Your task: Could you transcribe the entries below exactly, starting at the line that contains "Fototapeta Window With" and stopping at the last line, without any pictures?

Short descriptive text snippets:
..............................
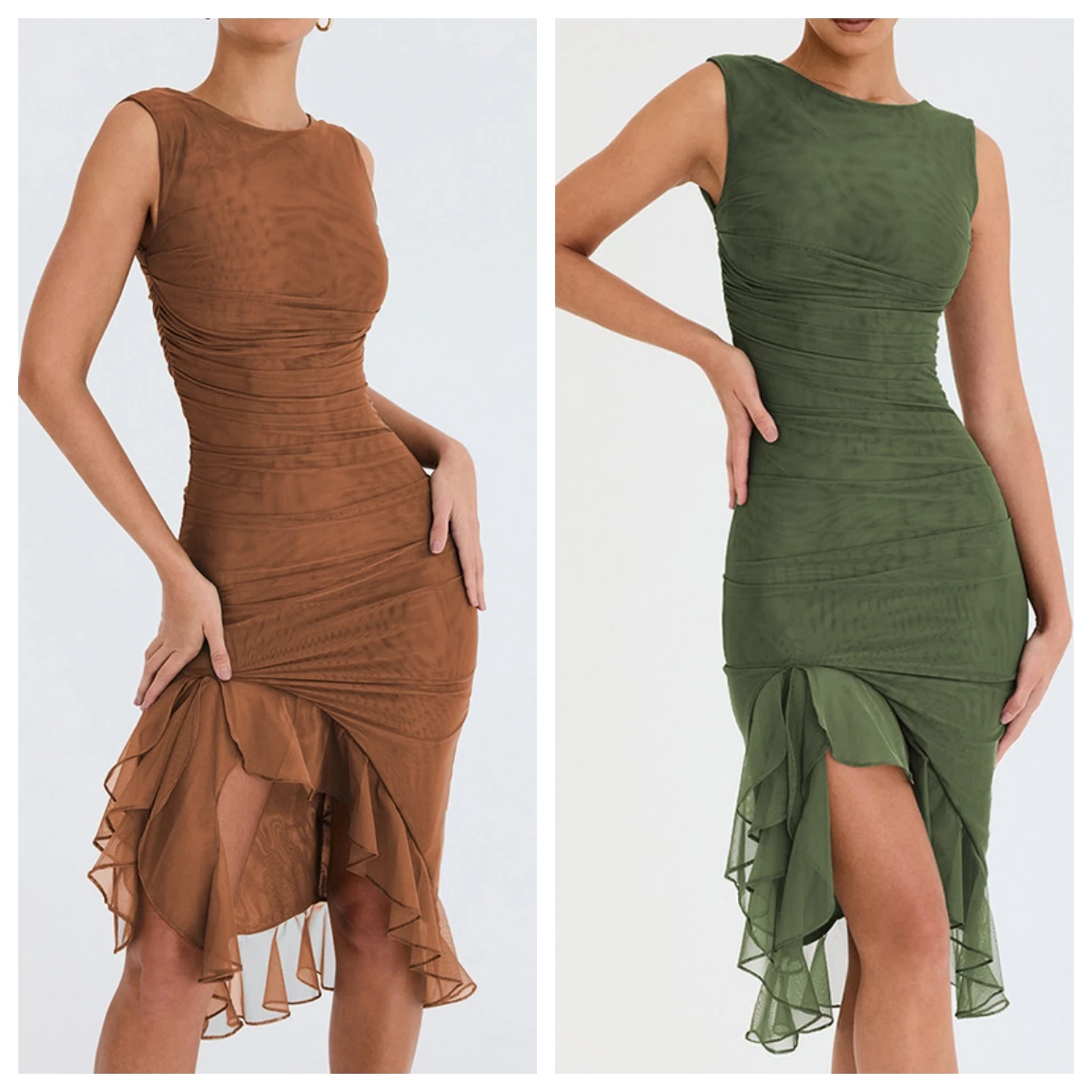 Elegant Ruffle Ruched Midi Dress For Women Robe Summer New Backless Sleeveless Irregular Club Party Sexy Dress Vestidoes
Elegant Ruffle Ruched Midi Dress For Women Robe Summer New Backless Sleeveless Irregular Club Party Sexy Dress Vestidoes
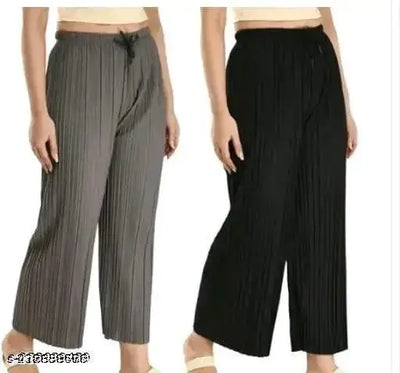 Women Wrinkle Crush Palazzo PLAZZO Pack of 2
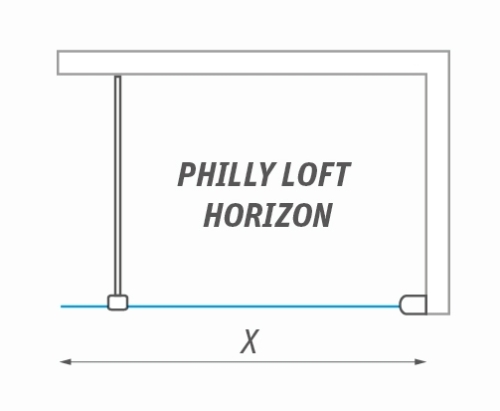 Roltechnik Walk In Line Philly Loft Horizon 1400 zuhanyfal (black elox, transparent, PLH14020NPE)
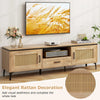 COSTWAY TV Stand for 65” TVs Mid Century Modern Entertainment Center-Oak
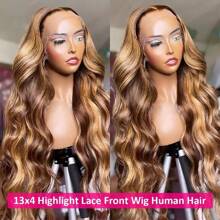 34 Inch 200% Density Highlight 13x4 Human Hair Lace Front Wigs Human Hair Pre Plucked Body Wave Glueless Wigs Human Hair For Black Women  4/27 Colored 13x4 Human Hair Lace Front Wigs - SP4/27 - 查看 3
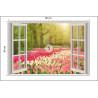 Fototapeta Window With Beautiful Spring Tulips Flowers Garden In Netherlands.
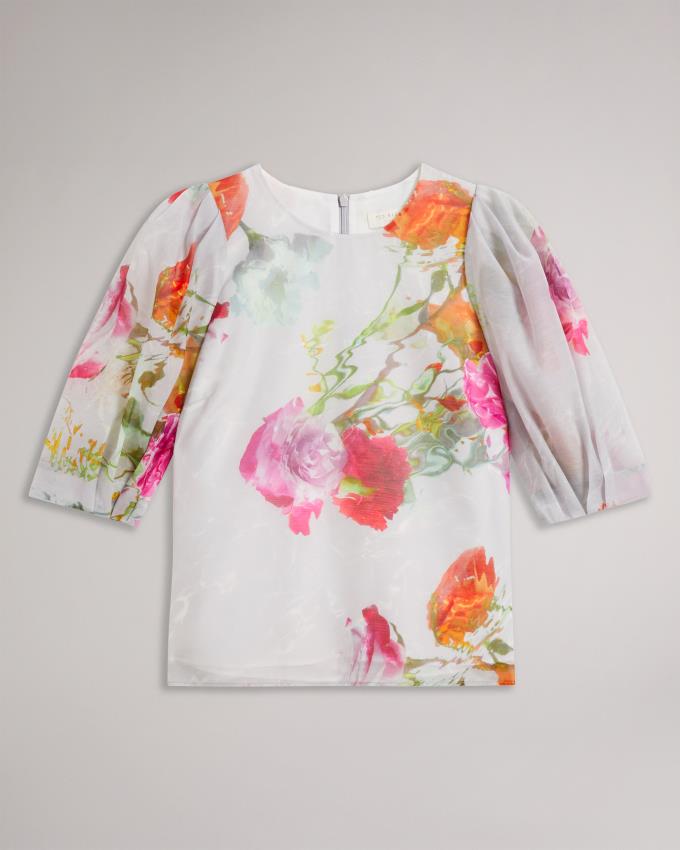 Najfatalniejszy Damskie Ted Baker Boxy Cropped with Puff Sleeve Białe Polska | PL-QUNBA9378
..............................
Your solution:
 Fototapeta Window With Beautiful Spring Tulips Flowers Garden In Netherlands.
 Najfatalniejszy Damskie Ted Baker Boxy Cropped with Puff Sleeve Białe Polska | PL-QUNBA9378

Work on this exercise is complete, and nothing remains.